I’m especially grateful for Andrew’s candor in this interview: it shows we don’t all get here the same way. Of course it also proves that uWaterloo Arts was right when they saw something valuable in his application that Business programs didn’t!
JLH: What made you choose Waterloo?
AS: To be completely honest, my options were slightly limited. I was part of the fabled double cohort year in Ontario, so I was graduating along with the last OACs. In my last year of high school, too, three of my six courses were calculus, geometry & discrete math, and physics–courses that required more rigorous focus than I was willing to give. I was also in a period in my life where recreational drug use trumped studying. I remember getting a few rejections from schools, for programs like Marketing or Business Administration—a random assortment, really. I applied to Waterloo with two applications: one to the Arts & Business program, and one just to the Arts program. I received an acceptance from the Arts department and I was thrilled. Then I received a rejection letter from Arts & Business, and the letter stated that they had considered me for the regular Arts program, too, and that I had been rejected for that as well. So I called the university in a panic, and they said as long as I had the initial official acceptance letter, I was in.

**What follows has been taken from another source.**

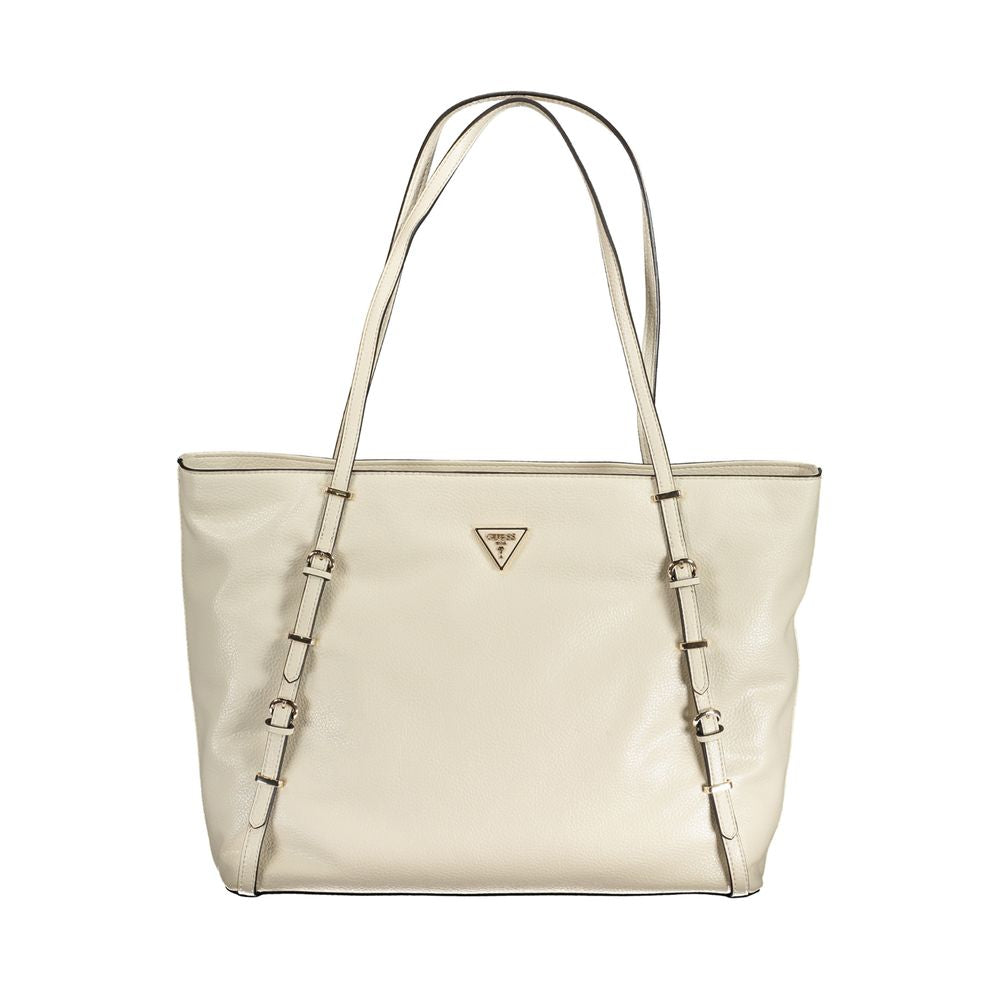 Guess Jeans Beige Polyethylene Handbag with dual shoulder handles and contrasting details.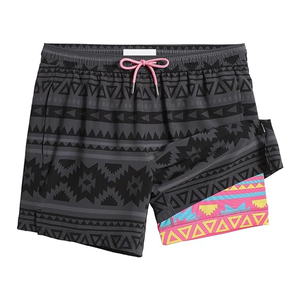 Mens Wholesale OEM <b>Compression</b> <b>Shorts</b> Quick Dry Two Layer Stretch Fabric Sports Gym <b>Shorts</b> Elastic Waist Training <b>Shorts</b> - Product Image 2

Another reason was that I had irrational personal prejudices against some schools, more or less based on reputations I had heard. Waterloo seemed benign somehow. And it was the right distance from my hometown of Ottawa. Far enough, close enough.
JLH: Did you imagine yourself as an author as an undergraduate? Or did you have another vision of your future?

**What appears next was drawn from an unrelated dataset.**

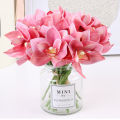 6pcs Real Touch Artificial Orchid Flowers Pink Plastic Bouquet Butterfly Flower Home Wedding Living Room Table Decor Plants. 
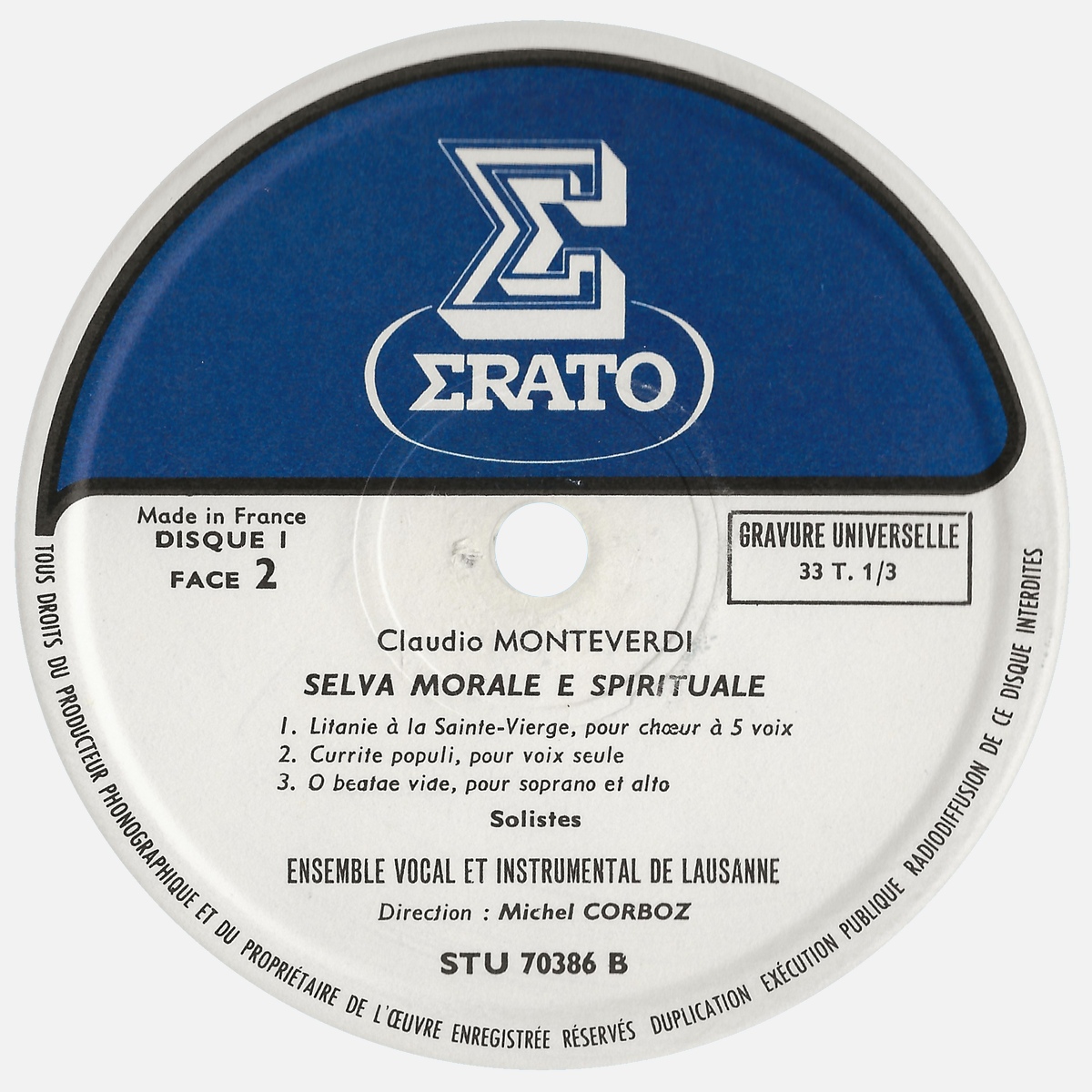 Étiquette verso du disque ERATO STU 70386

AS: I dreamt of it, sure. I had a great deal of love and reverence for literature, and everything I wrote felt super dilettantish (and still does, to an extent). But when I showed up at Waterloo, I hadn’t decided on a major, much less a life path…. I suppose I was waiting for some kind of Joycean vocational epiphany. And I still feel as though I’m waiting.
JLH: You’ve said elsewhere you didn’t know anyone else who was writing when you were at Waterloo: we now have an undergraduate creative writers’ group. Do you think this would this have made a difference in your trajectory?

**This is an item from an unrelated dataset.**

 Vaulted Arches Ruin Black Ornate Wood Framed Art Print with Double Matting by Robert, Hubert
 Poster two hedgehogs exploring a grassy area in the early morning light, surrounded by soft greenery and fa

AS: Maybe that was disingenuous. I suppose what I meant was that, for the first three years of my undergrad, the only person I knew around my age who was writing fiction was my best friend out at UVic, and we were both into fiction and poetry in a big way by the time we finished high school. We’d send writings back and forth, and we eventually went on hiatus from our respective universities, met in our hometown of Ottawa to work for a few months while we lived at our parents’ homes, and then travelled to Europe, both of us with highly romantic notions. He’s still my first and ideal reader.
I met some other scribblers when I returned to Waterloo and took the two creative writing classes that were offered at the time. So I did become aware of others. Workshops and community and readings have helped me tremendously, but I think it’s good to remember that the work gets done when you close your door on the world and any communities within it, however supportive.
JLH: When did you first think about publication, and how did you move towards it?
AS: When I started writing, I thought about it in a distant way. I would read Canadian Lit magazines and be highly critical of the work in them because I had a giant chip on my shoulder. Ha. I would send stories out to these magazines and see what kind of rejections I would get. Were they writing me a personal note? Was it a hand-written letter? Did they offer feedback or criticism? Was there any suggestion in the letter that they’d ever maybe publish something of mine? I was trying to gauge how far away I was from being a “real writer.” I think it’s a pretty good policy to always have some work out there, awaiting response. It makes you feel engaged. I say this not at all as an elder statesman. I have a hard time abiding by my own policy.
JLH: What advice would you offer students or alumni interested in pursuing writing and publishing? And what was the worst advice you ever received?
AS: Be greedy with your time. Read and write. Do it for its own sake. Generally, there’s little glory and less money. So if you covet those things, there are infinitely simpler routes to achieving them. Regarding bad advice: I have a difficult time reading or hearing writing advice of any kind. It tends to be highly prescriptive, rigid and self-important. It can also be more daunting than it is inspiring. Follow your heart, people!
JLH: I do like asking: what are you most excited about reading in the next while?
AS: I’m currently immersed in War and Peace… I think I’ll read something shorter when I finish. Ha. I’m excited to read Pynchon’s most recent novel, which is a few years old now, Inherent Vice. Paul Thomas Anderson is filming the adaptation. Evidently it’s a noir, but my experience with Pynchon is I can expect his usual sexual exploits, bizarre song lyrics, and singular prose.